==== Input

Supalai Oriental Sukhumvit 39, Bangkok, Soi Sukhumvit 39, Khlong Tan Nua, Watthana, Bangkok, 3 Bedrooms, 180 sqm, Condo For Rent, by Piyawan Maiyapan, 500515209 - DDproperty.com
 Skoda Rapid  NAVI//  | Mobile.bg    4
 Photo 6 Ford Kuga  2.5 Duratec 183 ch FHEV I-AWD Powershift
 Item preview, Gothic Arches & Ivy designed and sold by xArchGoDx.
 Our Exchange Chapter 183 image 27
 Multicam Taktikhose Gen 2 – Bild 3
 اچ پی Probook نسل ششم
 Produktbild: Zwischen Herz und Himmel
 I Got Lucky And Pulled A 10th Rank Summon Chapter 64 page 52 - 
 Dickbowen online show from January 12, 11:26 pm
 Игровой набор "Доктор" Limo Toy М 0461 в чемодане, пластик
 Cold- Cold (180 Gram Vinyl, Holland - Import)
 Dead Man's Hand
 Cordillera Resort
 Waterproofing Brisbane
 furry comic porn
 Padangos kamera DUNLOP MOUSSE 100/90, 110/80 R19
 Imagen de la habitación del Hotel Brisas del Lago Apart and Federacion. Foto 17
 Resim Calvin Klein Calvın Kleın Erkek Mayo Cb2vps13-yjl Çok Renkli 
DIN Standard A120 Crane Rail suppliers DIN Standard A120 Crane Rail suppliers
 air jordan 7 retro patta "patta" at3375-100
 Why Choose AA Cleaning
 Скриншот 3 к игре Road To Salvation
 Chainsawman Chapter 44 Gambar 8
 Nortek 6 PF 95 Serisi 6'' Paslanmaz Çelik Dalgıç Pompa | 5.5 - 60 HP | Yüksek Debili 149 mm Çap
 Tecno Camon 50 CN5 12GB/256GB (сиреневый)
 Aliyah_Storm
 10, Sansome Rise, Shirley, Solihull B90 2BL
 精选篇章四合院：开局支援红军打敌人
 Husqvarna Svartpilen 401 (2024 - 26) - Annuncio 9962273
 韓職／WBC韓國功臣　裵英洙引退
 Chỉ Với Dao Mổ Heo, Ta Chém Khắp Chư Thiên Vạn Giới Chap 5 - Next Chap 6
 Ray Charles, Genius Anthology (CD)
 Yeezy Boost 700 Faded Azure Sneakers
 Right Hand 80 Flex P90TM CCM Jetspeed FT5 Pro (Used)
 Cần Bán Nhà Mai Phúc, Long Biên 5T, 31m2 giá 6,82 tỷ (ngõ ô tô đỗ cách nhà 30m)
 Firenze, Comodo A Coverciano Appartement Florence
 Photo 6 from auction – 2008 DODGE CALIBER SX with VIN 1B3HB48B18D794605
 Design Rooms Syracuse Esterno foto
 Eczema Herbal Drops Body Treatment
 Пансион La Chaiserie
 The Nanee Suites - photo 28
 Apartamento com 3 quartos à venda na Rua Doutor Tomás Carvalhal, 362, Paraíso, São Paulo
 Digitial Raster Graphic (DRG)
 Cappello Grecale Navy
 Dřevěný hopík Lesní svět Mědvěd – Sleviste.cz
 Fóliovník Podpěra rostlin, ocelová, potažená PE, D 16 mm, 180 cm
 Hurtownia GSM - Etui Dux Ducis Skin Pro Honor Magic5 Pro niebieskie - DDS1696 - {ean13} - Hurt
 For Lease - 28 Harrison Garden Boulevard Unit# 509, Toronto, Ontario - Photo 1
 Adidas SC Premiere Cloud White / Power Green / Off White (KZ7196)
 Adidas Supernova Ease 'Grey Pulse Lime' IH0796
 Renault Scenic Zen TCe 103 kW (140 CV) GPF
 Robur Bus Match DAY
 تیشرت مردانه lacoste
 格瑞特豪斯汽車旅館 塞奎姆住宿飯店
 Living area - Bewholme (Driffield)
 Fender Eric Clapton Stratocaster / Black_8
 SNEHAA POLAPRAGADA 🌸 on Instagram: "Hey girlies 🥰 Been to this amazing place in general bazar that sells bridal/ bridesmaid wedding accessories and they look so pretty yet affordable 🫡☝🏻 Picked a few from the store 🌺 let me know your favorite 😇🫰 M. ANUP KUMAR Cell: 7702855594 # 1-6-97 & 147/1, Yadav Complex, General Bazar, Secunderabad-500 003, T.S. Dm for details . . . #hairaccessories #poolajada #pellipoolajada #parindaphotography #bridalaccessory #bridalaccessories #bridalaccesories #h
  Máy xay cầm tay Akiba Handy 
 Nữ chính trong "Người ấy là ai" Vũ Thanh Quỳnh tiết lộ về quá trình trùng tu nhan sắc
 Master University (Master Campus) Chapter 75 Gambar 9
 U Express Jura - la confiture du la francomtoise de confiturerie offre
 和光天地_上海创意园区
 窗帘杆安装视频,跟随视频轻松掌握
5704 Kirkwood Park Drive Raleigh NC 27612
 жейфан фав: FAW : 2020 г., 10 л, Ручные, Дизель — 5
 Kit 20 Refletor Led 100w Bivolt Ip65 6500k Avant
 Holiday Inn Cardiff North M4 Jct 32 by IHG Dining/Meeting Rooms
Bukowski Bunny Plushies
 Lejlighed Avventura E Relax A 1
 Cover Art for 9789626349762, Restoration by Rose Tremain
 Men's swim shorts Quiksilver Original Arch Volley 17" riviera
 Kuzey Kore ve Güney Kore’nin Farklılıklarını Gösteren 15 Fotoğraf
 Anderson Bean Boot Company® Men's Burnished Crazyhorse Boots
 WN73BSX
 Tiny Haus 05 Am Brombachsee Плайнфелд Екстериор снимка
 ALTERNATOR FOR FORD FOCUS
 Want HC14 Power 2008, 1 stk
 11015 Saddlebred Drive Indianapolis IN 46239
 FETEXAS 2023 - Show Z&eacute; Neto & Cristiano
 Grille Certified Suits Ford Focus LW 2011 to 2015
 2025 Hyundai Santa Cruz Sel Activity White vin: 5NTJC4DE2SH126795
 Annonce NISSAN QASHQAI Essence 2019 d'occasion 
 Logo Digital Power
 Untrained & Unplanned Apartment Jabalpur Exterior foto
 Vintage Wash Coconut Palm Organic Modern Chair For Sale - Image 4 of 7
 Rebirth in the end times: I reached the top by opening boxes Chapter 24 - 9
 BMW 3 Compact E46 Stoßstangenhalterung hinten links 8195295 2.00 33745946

========

→ To do:
The lines from the start of the entries above through the line containing "Photo 6 from" are the ones to return, please; copy them exactly and include both ends.

→ Exercise response:
Supalai Oriental Sukhumvit 39, Bangkok, Soi Sukhumvit 39, Khlong Tan Nua, Watthana, Bangkok, 3 Bedrooms, 180 sqm, Condo For Rent, by Piyawan Maiyapan, 500515209 - DDproperty.com
 Skoda Rapid  NAVI//  | Mobile.bg    4
 Photo 6 Ford Kuga  2.5 Duratec 183 ch FHEV I-AWD Powershift
 Item preview, Gothic Arches & Ivy designed and sold by xArchGoDx.
 Our Exchange Chapter 183 image 27
 Multicam Taktikhose Gen 2 – Bild 3
 اچ پی Probook نسل ششم
 Produktbild: Zwischen Herz und Himmel
 I Got Lucky And Pulled A 10th Rank Summon Chapter 64 page 52 - 
 Dickbowen online show from January 12, 11:26 pm
 Игровой набор "Доктор" Limo Toy М 0461 в чемодане, пластик
 Cold- Cold (180 Gram Vinyl, Holland - Import)
 Dead Man's Hand
 Cordillera Resort
 Waterproofing Brisbane
 furry comic porn
 Padangos kamera DUNLOP MOUSSE 100/90, 110/80 R19
 Imagen de la habitación del Hotel Brisas del Lago Apart and Federacion. Foto 17
 Resim Calvin Klein Calvın Kleın Erkek Mayo Cb2vps13-yjl Çok Renkli 
DIN Standard A120 Crane Rail suppliers DIN Standard A120 Crane Rail suppliers
 air jordan 7 retro patta "patta" at3375-100
 Why Choose AA Cleaning
 Скриншот 3 к игре Road To Salvation
 Chainsawman Chapter 44 Gambar 8
 Nortek 6 PF 95 Serisi 6'' Paslanmaz Çelik Dalgıç Pompa | 5.5 - 60 HP | Yüksek Debili 149 mm Çap
 Tecno Camon 50 CN5 12GB/256GB (сиреневый)
 Aliyah_Storm
 10, Sansome Rise, Shirley, Solihull B90 2BL
 精选篇章四合院：开局支援红军打敌人
 Husqvarna Svartpilen 401 (2024 - 26) - Annuncio 9962273
 韓職／WBC韓國功臣　裵英洙引退
 Chỉ Với Dao Mổ Heo, Ta Chém Khắp Chư Thiên Vạn Giới Chap 5 - Next Chap 6
 Ray Charles, Genius Anthology (CD)
 Yeezy Boost 700 Faded Azure Sneakers
 Right Hand 80 Flex P90TM CCM Jetspeed FT5 Pro (Used)
 Cần Bán Nhà Mai Phúc, Long Biên 5T, 31m2 giá 6,82 tỷ (ngõ ô tô đỗ cách nhà 30m)
 Firenze, Comodo A Coverciano Appartement Florence
 Photo 6 from auction – 2008 DODGE CALIBER SX with VIN 1B3HB48B18D794605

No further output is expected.